[Pvfs2-developers] help debugging request processor/distribution
Phil Carns
pcarns at wastedcycles.org
Thu Jun 15 08:45:26 EDT 2006
I don't think that the same problem would happen with bmi_gm. For large
buffers it has to do a full rendezvous handshake to exchange memory
addresses etc. for remote put operations (directed sends in GM-speak).
There isn't any way to get a transmission started without a buffer
available.
-Phil
Bradley W Settlemyer wrote:
> I've seen similar behavior to this using Myrinet (jazz) also. I haven't
> ever gotten it with TCP though, so maybe mine was due to something a
> little different (basically, it looked like a message with the tag was
> sent, but never delivered). Are you certain that its just a BMI tcp issue?
>
> Cheers,
> Brad
>
>
> Phil Carns wrote:
>
>> Ok, I think I _might_ see what the problem is with the BMI messaging.
>>
>> I haven't 100% confirmed yet, but it looks like we have the following
>> scenario:
>>
>> On the client side:
>> --------------------
>> - pvfs2-client-core starts a I/O operation (write) to server X
>> - a send (for the request) is posted, which is a small buffer
>> - the flow is posted before an ack is received
>> - the flow itself posts another send for data, which is a large buffer
>> - ...
>>
>> A few notes real quick- I think the above is a performance
>> optimization; we try to go ahead and get the flow going before
>> receiving a positive ack from the server.
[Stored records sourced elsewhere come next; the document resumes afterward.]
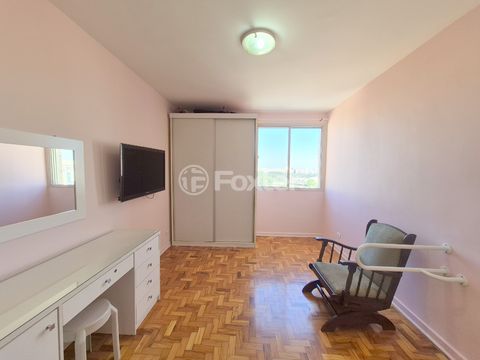 Image 7 - 923002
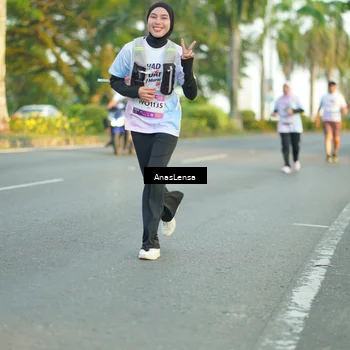 Runner Photo 7762070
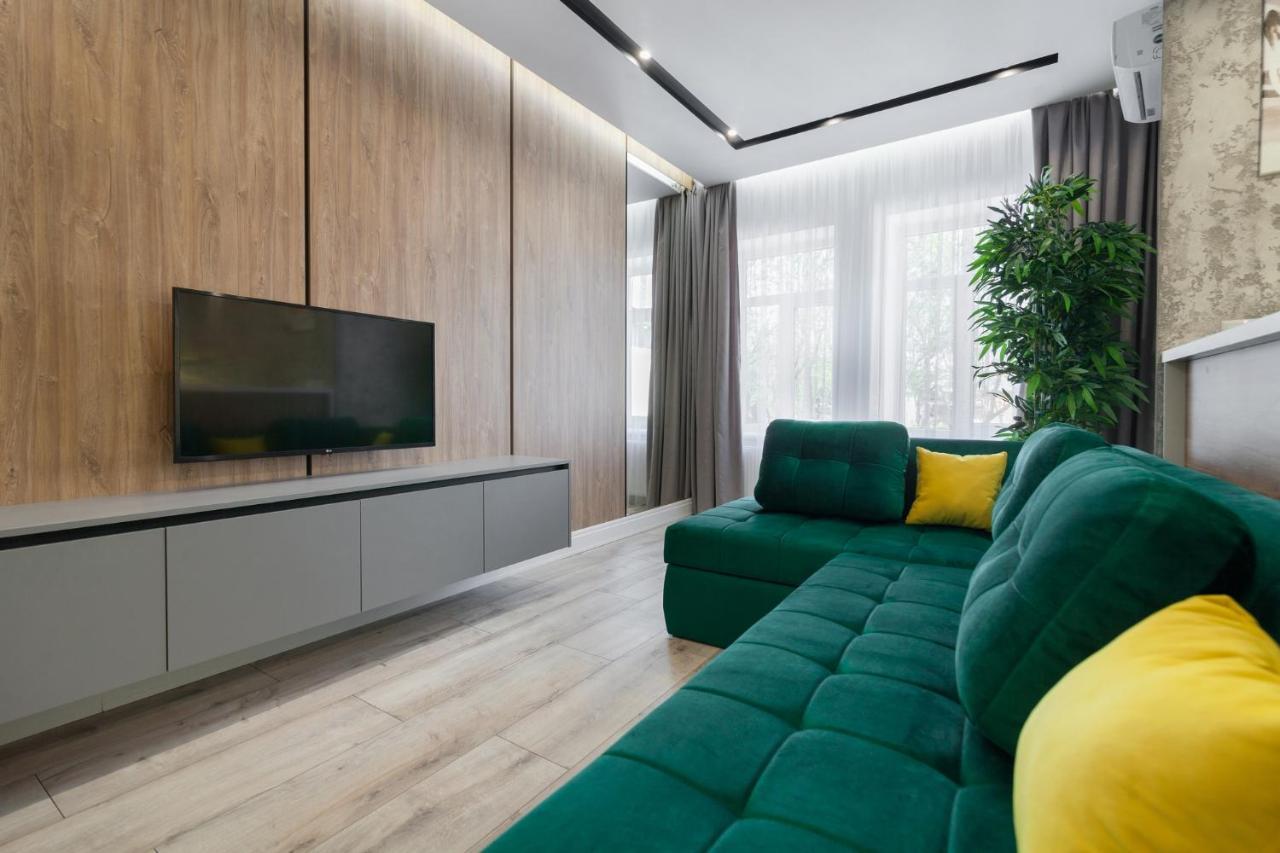 Royal Vip Apartment On Pidmurna 24 إلفيف المظهر الخارجي الصورة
It will be canceled if we
>> get a negative ack (or fail to get an ack altogether)
>>
>> - while the above is in progress, pvfs2-client-core starts another
>> write operation to server X (from another application that is hitting
>> the same server)
>> - a send for this second request is posted
>> - another flow is posted before an ack is received
>> - depending on the timing, it may manage to post a send for data as
>> well, which is another large buffer
>> - this traffic is interleaved on the same socket as is being used
>> for the first flow, which is still running at this point
>>
>> On the server side:
>> --------------------
>> - the first I/O request arrives
>> - it gets past the request scheduler
>> - a flow is started and receives the first (large) data buffer
>> - a different request for the same handle arrives
>> - getattr would be a good example, could be from any client
>> - this getattr gets queued in the request scheduler behind the write
>> - the second I/O request arrives
>> - it gets queued behind the getattr in the request scheduler
>>
>> At this point on the server side, we have a flow in progress that is
>> waiting on a data buffer. However, the next message is for a
>> different flow (the tags don't match). Since this message is
>> relatively large (256K), it is in rendezvous mode within bmi_tcp and
>> cannot be pulled out of the socket until a matching receive is
>> posted. The flow that is expected to post that receive is not running
>> yet because the second I/O request is stuck in the scheduler.
>>
>> ... so we have a deadlock. The socket is filled with data that the
>> server isn't allowed to recv yet, and the data that it really needs
>> next is stuck behind it.
>>
>> I'm not sure that I described that all that well. At a high level we
>> have two flows sharing the same socket. The client started both of
>> them and the messages got interleaved. The server only started one of
>> them, but is now stuck because it can't deal with data arriving for
>> the second one.
>>
>> I am going to try to find a brute force way to serialize I/O from each
>> pvfs2-client-core just to see if that solves the problem (maybe only
>> allowing one buffer between pvfs2-client-core and kernel, rather than
>> 5). If that does look like it fixed the problem, then we need a more
>> elegant solution. Maybe waiting for acks before starting flows, or
>> just somehow serializing flows that share sockets.
>>
>> -Phil
>>
>> Phil Carns wrote:
>>
>>> Hi Murali,
>>>
>>> I'm not seeing any problems with the dd scenario that you describe (I
>>> tried running 8-10 of them simultaneously), but I may just have
>>> different timing characteristics.
>>>
>>> One thing that I neglected to mention about the application that I am
>>> running is that it actually has 2 processes per client. That may be
>>> something that I have in common with your test case (multiple
>>> applications writing concurrently from the same client). I will
>>> reconfigure and try some test runs with 1 process per client and see
>>> if that impacts behavior for my test case.
>>>
>>> -Phil
>>>
>>> Phil Carns wrote:
>>>
>>>> I reverted my src/io/bmi directory back to a snapshot of what was in
>>>> CVS around March, but I still have the same problems. It doesn't
>>>> seem to be impacted by the pipe changes or the socket buffer size
>>>> changes.
>>>>
>>>> I haven't tried your dd test case yet, but I will give that a shot
>>>> soon.
>>>>
>>>> -Phil
>>>>
>>>> Murali Vilayannur wrote:
>>>>
>>>>> Hi Phil, others,
>>>>> I think I am seeing the same problem (or some variants of it) with the
>>>>> NFSv4 bug that I reported a few days ago..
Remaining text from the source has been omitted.